Image-text web data:
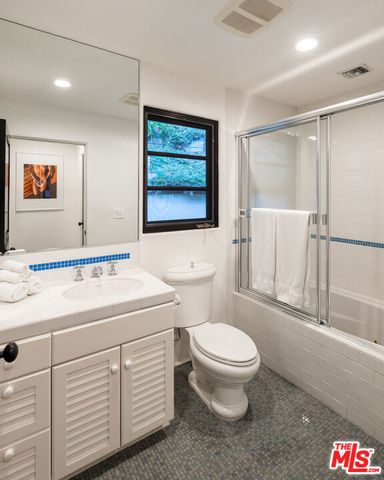 9101 St Ives Drive, Los Angeles, CA 90069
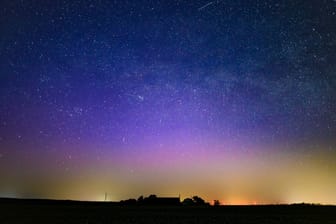 Polarlicht leuchtet am Nachthimmel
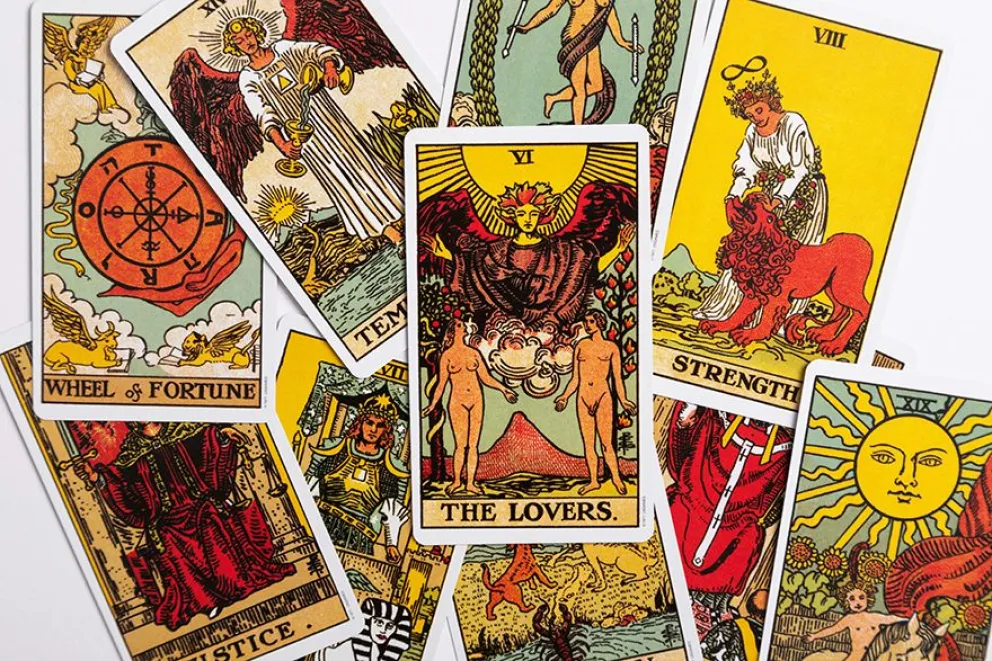 Cómo le irá a cada signo del zodiaco en el amor según el tarot 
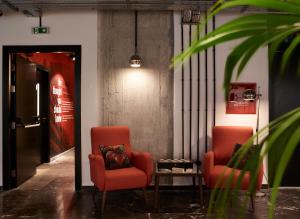 Area soggiorno di Dave Red Athens, a member of Brown Hotels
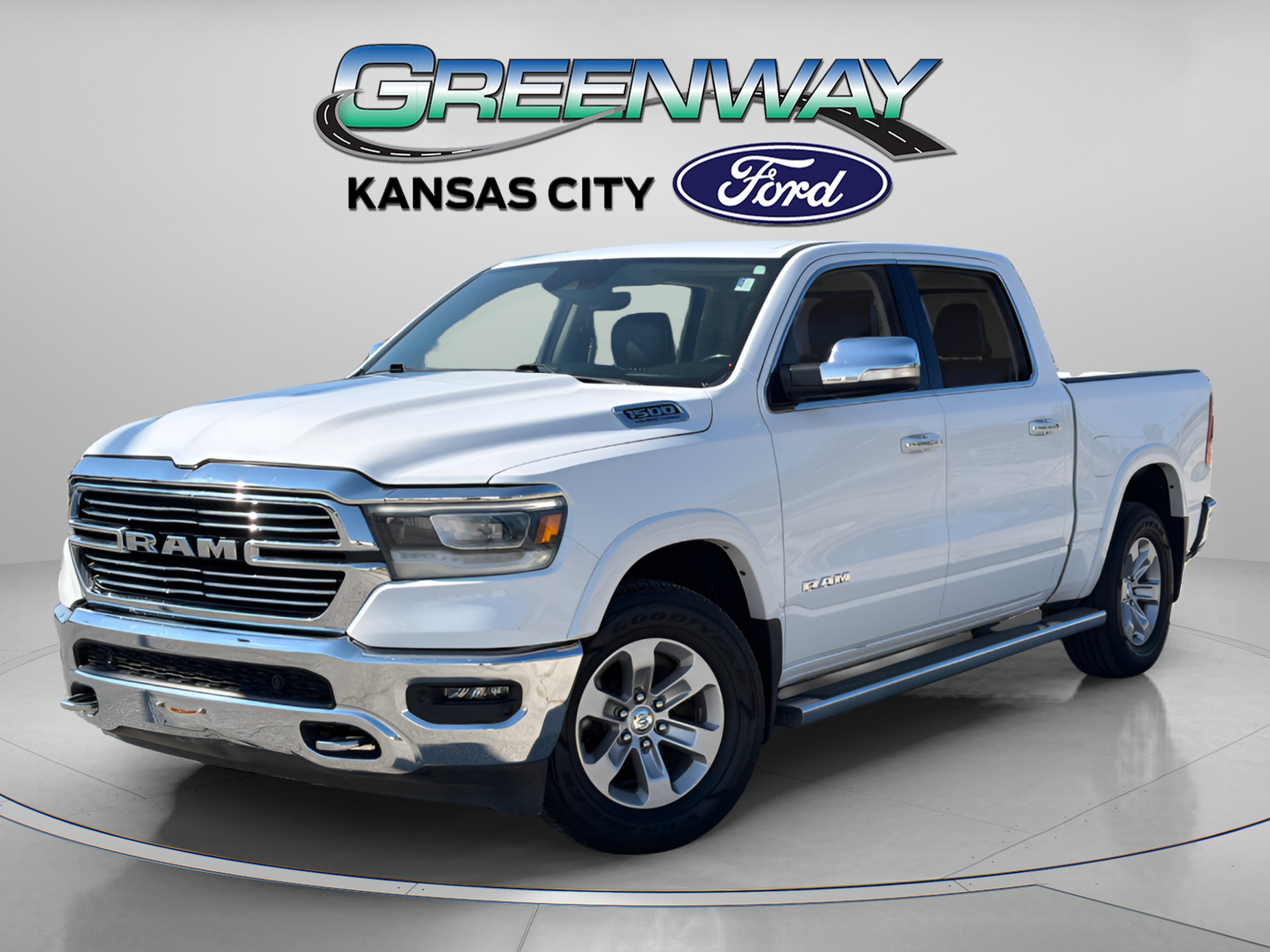 Used 2022 Bright White Clearcoat Ram Laramie image 3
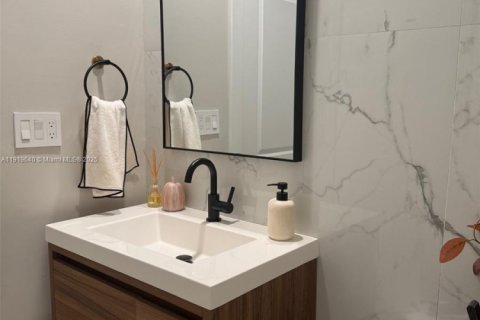 Casa en venta en Miami, Florida, 4 dormitorios, 205.59 m2 № 1975163 - foto 15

**EXERCISE REQUIREMENTS**
Only the pictures are to be left out; write out all the other data exactly.

**EXERCISE OUTPUT**
 9101 St Ives Drive, Los Angeles, CA 90069
 Polarlicht leuchtet am Nachthimmel
 Cómo le irá a cada signo del zodiaco en el amor según el tarot 
 Area soggiorno di Dave Red Athens, a member of Brown Hotels
 Used 2022 Bright White Clearcoat Ram Laramie image 3
 Casa en venta en Miami, Florida, 4 dormitorios, 205.59 m2 № 1975163 - foto 15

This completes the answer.